Many of you have probably heard of “Bill Nye the Science Guy.” He had a TV show by that name back in the mid-90s. He can boast of real accomplishments as an inventor, entertainer, and explainer of science to the lay person. He knows a lot.

So why does he get philosophy so wrong?

For anybody with a serious education in philosophy, this video from his “Tuesdays with Bill” series offers up a gold mine of fallacies, half-truths, vacuity, and plain historical ignorance of the subject. Since Olivia Goldhill at Quartz does a fair job of exposing them, I won’t rehash the details. But the question remains: Just what is the underlying problem here? How can such a smart guy be so bad at philosophy?

Like greater scientists such as Steven Hawking or Richard Dawkins, or even fellow popularizer Neil DeGrasse Tyson, Nye doesn’t have much use for philosophy. So naturally, he hasn’t taken the time to acquire a rigorous understanding of it. That wouldn’t be a problem, of course, if it stopped them from making grand pronouncements about philosophy—especially about the uselessness thereof. But it doesn’t.

 

 

That’s because, as science guys, they enjoy unquestioned prestige in Western culture. Like certain entertainment celebrities, science guys who have a way with words enjoy a far wider and more receptive audience for their opinions on almost any serious subject outside their fields than do most of the actual professionals in those fields. Deplore that as one will, it’s almost inevitable in our culture. It’s for the same reason that Oprah Winfrey is a more influential theologian than, you know, any actual theologian.

That allows their intellectual sloppiness to gain an advantage it doesn’t deserve. I call it “sloppiness” because not everything they say is false; it’s that the truths are mixed up with falsehoods and unwarranted assumptions.

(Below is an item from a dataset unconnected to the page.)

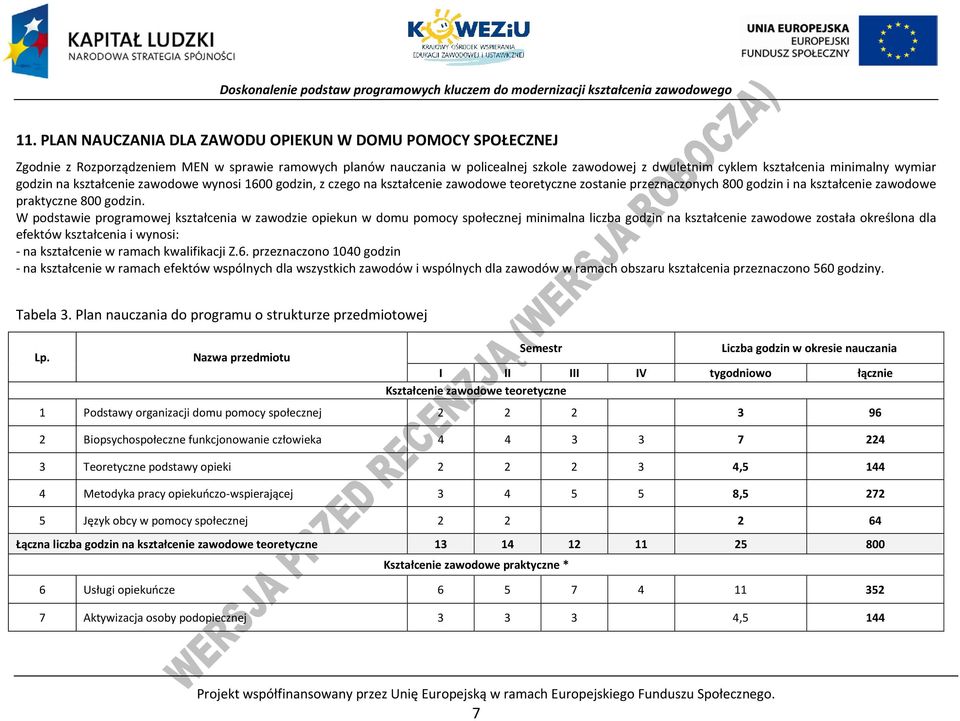 W podstawie programowej kształcenia w zawodzie opiekun w domu pomocy społecznej minimalna liczba godzin na kształcenie zawodowe została określona dla efektów kształcenia i wynosi: - na kształcenie w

For example, one of their common themes is that philosophy can’t supply knowledge because philosophical theses, as distinct from scientific ones, aren’t empirically verifiable. Now it’s true that such theses are not, generally speaking, verifiable by any scientific method. But concluding they can’t supply knowledge, with our without the aid of experience, betrays the assumption that only what can be known scientifically can be known at all. That’s a philosophical position known as ‘scientism’. The problem with scientism is that it doesn’t even pass its own test for knowledge. Thus it is self-refuting.

Another problem is that most of the anti-philosophy science guys are atheists. As Pascal Emmanuel Gobry notes: “The form of atheism they promote is usually known as ‘eliminative materialism,’ or the notion that matter is the only thing that exists.” But that too is a philosophical position. It’s not necessarily motivated by scientism, but in the case of the science guys, it certainly is. What does it say about your thinking if you recognize neither that you hold a philosophical position nor that your reason for holding it is self-refuting?